# WORK REQUIRED
Produce an exact copy of the data below.

# MATERIAL PROVIDED
---------------

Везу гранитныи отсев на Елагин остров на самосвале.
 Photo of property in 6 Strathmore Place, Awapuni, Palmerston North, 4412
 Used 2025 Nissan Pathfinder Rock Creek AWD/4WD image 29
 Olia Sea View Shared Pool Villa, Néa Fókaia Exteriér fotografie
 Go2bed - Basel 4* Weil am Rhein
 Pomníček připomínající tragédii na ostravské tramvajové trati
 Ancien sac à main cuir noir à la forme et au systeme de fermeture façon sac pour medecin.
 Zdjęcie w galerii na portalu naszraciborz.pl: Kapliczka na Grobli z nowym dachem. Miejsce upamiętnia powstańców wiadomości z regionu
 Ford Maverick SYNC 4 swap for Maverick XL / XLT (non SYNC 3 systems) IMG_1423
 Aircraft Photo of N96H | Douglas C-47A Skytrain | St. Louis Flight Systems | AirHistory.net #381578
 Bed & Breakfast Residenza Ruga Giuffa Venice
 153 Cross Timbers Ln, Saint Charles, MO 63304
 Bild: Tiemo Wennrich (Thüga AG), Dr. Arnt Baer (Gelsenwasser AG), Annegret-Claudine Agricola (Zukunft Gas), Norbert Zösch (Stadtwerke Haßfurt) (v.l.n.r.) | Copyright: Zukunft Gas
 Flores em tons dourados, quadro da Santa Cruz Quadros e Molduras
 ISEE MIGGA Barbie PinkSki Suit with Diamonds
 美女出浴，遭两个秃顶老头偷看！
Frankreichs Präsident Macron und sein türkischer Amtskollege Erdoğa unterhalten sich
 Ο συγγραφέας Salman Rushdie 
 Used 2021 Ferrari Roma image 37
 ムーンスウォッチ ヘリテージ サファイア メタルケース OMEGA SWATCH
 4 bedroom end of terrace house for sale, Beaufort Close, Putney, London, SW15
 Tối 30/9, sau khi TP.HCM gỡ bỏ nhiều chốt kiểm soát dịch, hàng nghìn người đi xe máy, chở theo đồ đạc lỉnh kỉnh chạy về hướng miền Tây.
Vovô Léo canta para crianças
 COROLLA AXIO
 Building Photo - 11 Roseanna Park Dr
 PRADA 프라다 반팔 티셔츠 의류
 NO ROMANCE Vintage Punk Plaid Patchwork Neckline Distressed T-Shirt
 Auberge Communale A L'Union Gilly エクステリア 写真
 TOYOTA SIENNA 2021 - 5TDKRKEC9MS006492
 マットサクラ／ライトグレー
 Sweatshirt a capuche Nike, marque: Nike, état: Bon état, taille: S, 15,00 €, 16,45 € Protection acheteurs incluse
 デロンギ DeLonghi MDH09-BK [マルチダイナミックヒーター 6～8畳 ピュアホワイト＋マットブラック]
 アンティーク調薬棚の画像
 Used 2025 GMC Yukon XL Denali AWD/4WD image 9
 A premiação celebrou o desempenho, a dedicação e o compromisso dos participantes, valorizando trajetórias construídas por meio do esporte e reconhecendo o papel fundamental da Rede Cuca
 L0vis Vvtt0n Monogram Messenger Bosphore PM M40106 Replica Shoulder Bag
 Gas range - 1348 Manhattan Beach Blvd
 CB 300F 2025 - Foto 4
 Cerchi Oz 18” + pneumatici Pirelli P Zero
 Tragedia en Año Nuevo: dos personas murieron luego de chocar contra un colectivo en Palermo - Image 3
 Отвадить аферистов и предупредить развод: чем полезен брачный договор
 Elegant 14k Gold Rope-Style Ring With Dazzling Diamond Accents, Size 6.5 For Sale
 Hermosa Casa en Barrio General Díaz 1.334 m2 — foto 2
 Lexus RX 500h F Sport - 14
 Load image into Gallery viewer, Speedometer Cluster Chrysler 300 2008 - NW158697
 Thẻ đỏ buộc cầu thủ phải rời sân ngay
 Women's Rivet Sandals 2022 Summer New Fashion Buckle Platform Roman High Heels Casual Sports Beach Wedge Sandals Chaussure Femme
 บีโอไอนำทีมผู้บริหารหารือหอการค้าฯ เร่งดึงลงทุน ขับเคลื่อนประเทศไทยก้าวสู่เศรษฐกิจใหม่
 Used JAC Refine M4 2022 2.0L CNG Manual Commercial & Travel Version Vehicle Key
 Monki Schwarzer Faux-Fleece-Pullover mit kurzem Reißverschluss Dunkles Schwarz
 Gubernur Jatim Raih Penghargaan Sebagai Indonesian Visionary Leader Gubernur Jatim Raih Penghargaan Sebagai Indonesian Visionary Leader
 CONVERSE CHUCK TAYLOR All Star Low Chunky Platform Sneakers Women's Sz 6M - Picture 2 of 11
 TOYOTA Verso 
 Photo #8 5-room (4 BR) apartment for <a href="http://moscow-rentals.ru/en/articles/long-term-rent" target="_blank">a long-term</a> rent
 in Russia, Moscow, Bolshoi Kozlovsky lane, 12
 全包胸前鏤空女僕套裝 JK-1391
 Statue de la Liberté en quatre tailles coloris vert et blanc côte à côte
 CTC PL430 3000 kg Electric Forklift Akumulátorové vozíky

---------------

# RESPONSE AREA
Везу гранитныи отсев на Елагин остров на самосвале.
 Photo of property in 6 Strathmore Place, Awapuni, Palmerston North, 4412
 Used 2025 Nissan Pathfinder Rock Creek AWD/4WD image 29
 Olia Sea View Shared Pool Villa, Néa Fókaia Exteriér fotografie
 Go2bed - Basel 4* Weil am Rhein
 Pomníček připomínající tragédii na ostravské tramvajové trati
 Ancien sac à main cuir noir à la forme et au systeme de fermeture façon sac pour medecin.
 Zdjęcie w galerii na portalu naszraciborz.pl: Kapliczka na Grobli z nowym dachem. Miejsce upamiętnia powstańców wiadomości z regionu
 Ford Maverick SYNC 4 swap for Maverick XL / XLT (non SYNC 3 systems) IMG_1423
 Aircraft Photo of N96H | Douglas C-47A Skytrain | St. Louis Flight Systems | AirHistory.net #381578
 Bed & Breakfast Residenza Ruga Giuffa Venice
 153 Cross Timbers Ln, Saint Charles, MO 63304
 Bild: Tiemo Wennrich (Thüga AG), Dr. Arnt Baer (Gelsenwasser AG), Annegret-Claudine Agricola (Zukunft Gas), Norbert Zösch (Stadtwerke Haßfurt) (v.l.n.r.) | Copyright: Zukunft Gas
 Flores em tons dourados, quadro da Santa Cruz Quadros e Molduras
 ISEE MIGGA Barbie PinkSki Suit with Diamonds
 美女出浴，遭两个秃顶老头偷看！
Frankreichs Präsident Macron und sein türkischer Amtskollege Erdoğa unterhalten sich
 Ο συγγραφέας Salman Rushdie 
 Used 2021 Ferrari Roma image 37
 ムーンスウォッチ ヘリテージ サファイア メタルケース OMEGA SWATCH
 4 bedroom end of terrace house for sale, Beaufort Close, Putney, London, SW15
 Tối 30/9, sau khi TP.HCM gỡ bỏ nhiều chốt kiểm soát dịch, hàng nghìn người đi xe máy, chở theo đồ đạc lỉnh kỉnh chạy về hướng miền Tây.
Vovô Léo canta para crianças
 COROLLA AXIO
 Building Photo - 11 Roseanna Park Dr
 PRADA 프라다 반팔 티셔츠 의류
 NO ROMANCE Vintage Punk Plaid Patchwork Neckline Distressed T-Shirt
 Auberge Communale A L'Union Gilly エクステリア 写真
 TOYOTA SIENNA 2021 - 5TDKRKEC9MS006492
 マットサクラ／ライトグレー
 Sweatshirt a capuche Nike, marque: Nike, état: Bon état, taille: S, 15,00 €, 16,45 € Protection acheteurs incluse
 デロンギ DeLonghi MDH09-BK [マルチダイナミックヒーター 6～8畳 ピュアホワイト＋マットブラック]
 アンティーク調薬棚の画像
 Used 2025 GMC Yukon XL Denali AWD/4WD image 9
 A premiação celebrou o desempenho, a dedicação e o compromisso dos participantes, valorizando trajetórias construídas por meio do esporte e reconhecendo o papel fundamental da Rede Cuca
 L0vis Vvtt0n Monogram Messenger Bosphore PM M40106 Replica Shoulder Bag
 Gas range - 1348 Manhattan Beach Blvd
 CB 300F 2025 - Foto 4
 Cerchi Oz 18” + pneumatici Pirelli P Zero
 Tragedia en Año Nuevo: dos personas murieron luego de chocar contra un colectivo en Palermo - Image 3
 Отвадить аферистов и предупредить развод: чем полезен брачный договор
 Elegant 14k Gold Rope-Style Ring With Dazzling Diamond Accents, Size 6.5 For Sale
 Hermosa Casa en Barrio General Díaz 1.334 m2 — foto 2
 Lexus RX 500h F Sport - 14
 Load image into Gallery viewer, Speedometer Cluster Chrysler 300 2008 - NW158697
 Thẻ đỏ buộc cầu thủ phải rời sân ngay
 Women's Rivet Sandals 2022 Summer New Fashion Buckle Platform Roman High Heels Casual Sports Beach Wedge Sandals Chaussure Femme
 บีโอไอนำทีมผู้บริหารหารือหอการค้าฯ เร่งดึงลงทุน ขับเคลื่อนประเทศไทยก้าวสู่เศรษฐกิจใหม่
 Used JAC Refine M4 2022 2.0L CNG Manual Commercial & Travel Version Vehicle Key
 Monki Schwarzer Faux-Fleece-Pullover mit kurzem Reißverschluss Dunkles Schwarz
 Gubernur Jatim Raih Penghargaan Sebagai Indonesian Visionary Leader Gubernur Jatim Raih Penghargaan Sebagai Indonesian Visionary Leader
 CONVERSE CHUCK TAYLOR All Star Low Chunky Platform Sneakers Women's Sz 6M - Picture 2 of 11
 TOYOTA Verso 
 Photo #8 5-room (4 BR) apartment for <a href="http://moscow-rentals.ru/en/articles/long-term-rent" target="_blank">a long-term</a> rent
 in Russia, Moscow, Bolshoi Kozlovsky lane, 12
 全包胸前鏤空女僕套裝 JK-1391
 Statue de la Liberté en quatre tailles coloris vert et blanc côte à côte
 CTC PL430 3000 kg Electric Forklift Akumulátorové vozíky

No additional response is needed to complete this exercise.